I partner intendono perseguire l’obiettivo previsto attraverso una serie di azioni trasversali:

  • Sinergia istituzionale e cooperazione transfrontaliera: il progetto prevede lo sviluppo di un modulo formativo specifico dedicato ai responsabili degli enti locali, pensato per armonizzare le procedure di comunicazione oltre confine. Attraverso incontri tecnici e momenti di scambio diretto, i sindaci e i funzionari dei due Paesi potranno confrontare le rispettive normative e le esperienze maturate sul campo. Questo processo di apprendimento reciproco mira a costruire una sinergia operativa che permetta agli operatori del soccorso e alle autorità di collaborare in modo più fluido e coordinato durante eventi critici che interessano entrambi i territori;
  • Educazione e coinvolgimento delle giovani generazioni: l’integrazione della realtà immersiva e del metaverso nei percorsi educativi permette di simulare scenari di rischio in modo sicuro ma emotivamente impattante, facilitando l’apprendimento delle norme di autoprotezione. Parallelamente, il geoportale transfrontaliero verrà profondamente rinnovato: l’interfaccia sarà adattata a misura di cittadino, diventando uno strumento quotidiano per esplorare la fragilità del proprio territorio;
  • Resilienza diffusa per cittadini, imprese e turisti: il terzo asse d’intervento punta a rendere la sicurezza una responsabilità condivisa da chi vive e lavora sul territorio, con un’attenzione particolare al settore turistico. Seguendo le linee guida del Documento Strategico di Comunicazione, verranno organizzati incontri formativi itineranti e prodotti materiali informativi su misura, capaci di parlare a target diversi (dagli anziani ai turisti stranieri) e di adattarsi ai rischi specifici di ogni area, come valanghe o esondazioni. Un ruolo chiave sarà affidato agli operatori turistici – guide alpine, maestri di sci e albergatori – che verranno formati come primi referenti per la sicurezza dei visitatori, promuovendo comportamenti corretti e consapevoli in entrambi i versanti.
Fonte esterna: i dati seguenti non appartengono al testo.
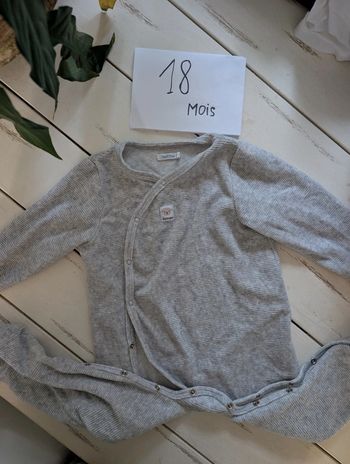 Pijama pilou bébé garçon 18 mois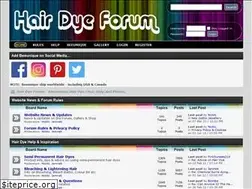 Sites similar to hairdyeforum.com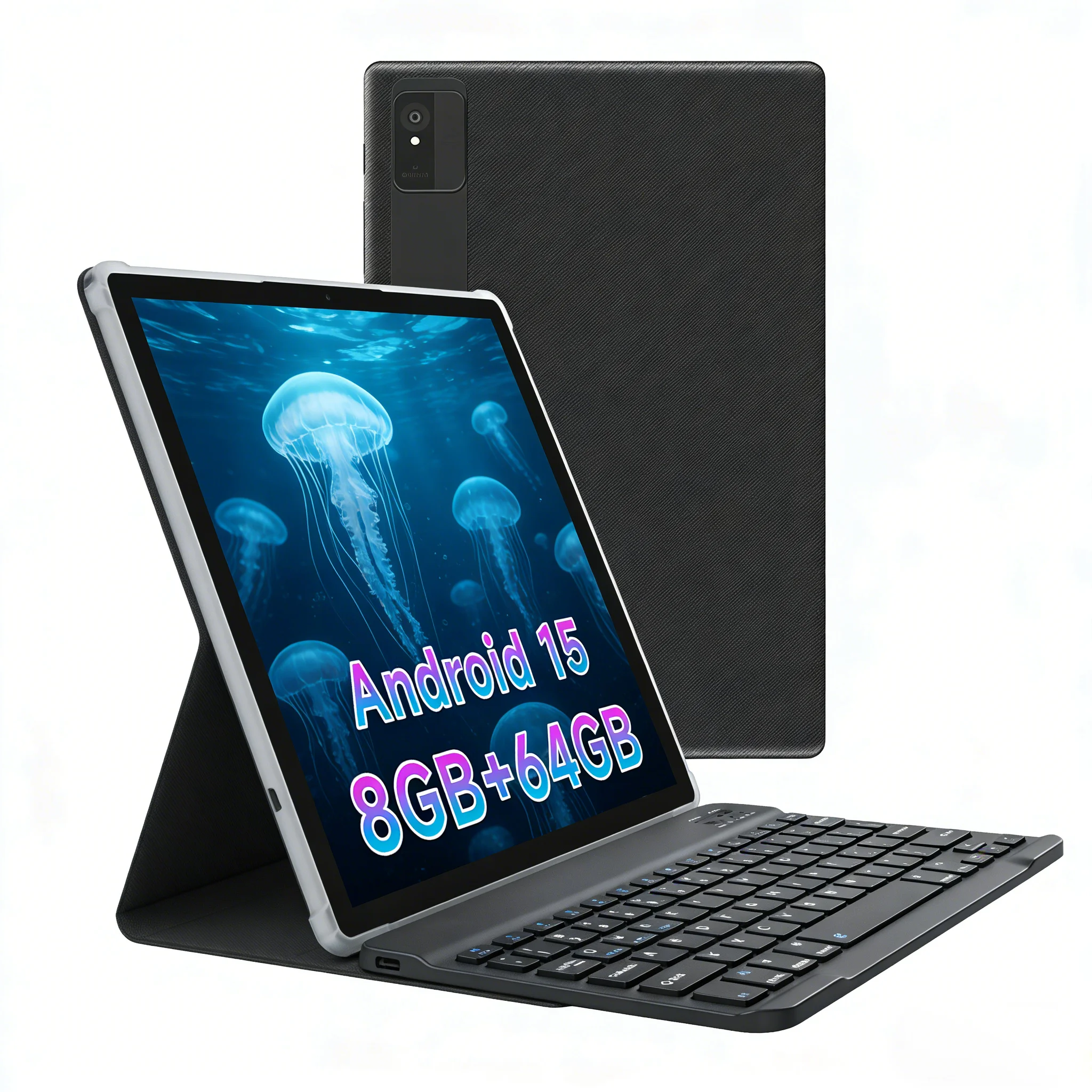 ANRY 10.1 Inch IPS 1280*800 Android 16 Tablet 12GB+128GB 5000mAh Battery GMS Certified Split Screen Dual Speaker Portable Tablet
I risultati attesi che si intendono raggiungere sono i seguenti:

  • Evoluzione della governance e della comunicazione istituzionale transfrontaliera: il progetto mira a superare le barriere amministrative tra Italia e Francia attraverso una comprensione profonda delle reciproche differenze normative, mappate inizialmente nei focus group. Il risultato principale sarà la creazione di un linguaggio comune e di moduli formativi testati, capaci di trasformare i referenti degli enti locali in comunicatori esperti. Grazie a questi strumenti, sindaci e tecnici saranno in grado di gestire le emergenze (dai temporali autorigeneranti alle valanghe) con una coerenza d’azione senza precedenti, garantendo che le informazioni fornite ai cittadini siano chiare, tempestive e coordinate su entrambi i versanti della frontiera;
  • Crescita della consapevolezza e dell’impegno civico nelle giovani generazioni: l’integrazione di tecnologie come la realtà immersiva e il metaverso punta a generare un impatto emotivo duraturo, trasformando la prevenzione in esperienza vissuta. Ci si aspetta che gli studenti, attraverso gli atelier transfrontalieri e il nuovo geoportale, acquisiscano una padronanza dei comportamenti di autoprotezione. Un esito fondamentale sarà l’aumento concreto delle adesioni al volontario di Protezione Civile e tra i Sapeurs-Pompiers, assicurando un ricambio generazionale fondamentale per la gestione delle future sfide climatiche;
  • Potenziamento della resilienza diffusa per la popolazione e i turisti: Il risultato finale è la creazione di una cittadinanza (residente e temporanea) informata e capace di reagire correttamente di fronte al pericolo. Attraverso incontri sul territorio e materiali informativi personalizzati per livello socio-culturale e tipologia di rischio, si punta ad una riduzione drastica dei comportamenti a rischio. L’utilizzo di strumenti digitali avanzati permetterà ai cittadini ed ai turisti di percepire la fragilità del territorio non come una minaccia astratta, ma come un elemento da conoscere e rispettare, portando ad una gestione del territorio più sicura e ad una sensibile diminuzione della perdita di vite umane durante gli eventi estremi.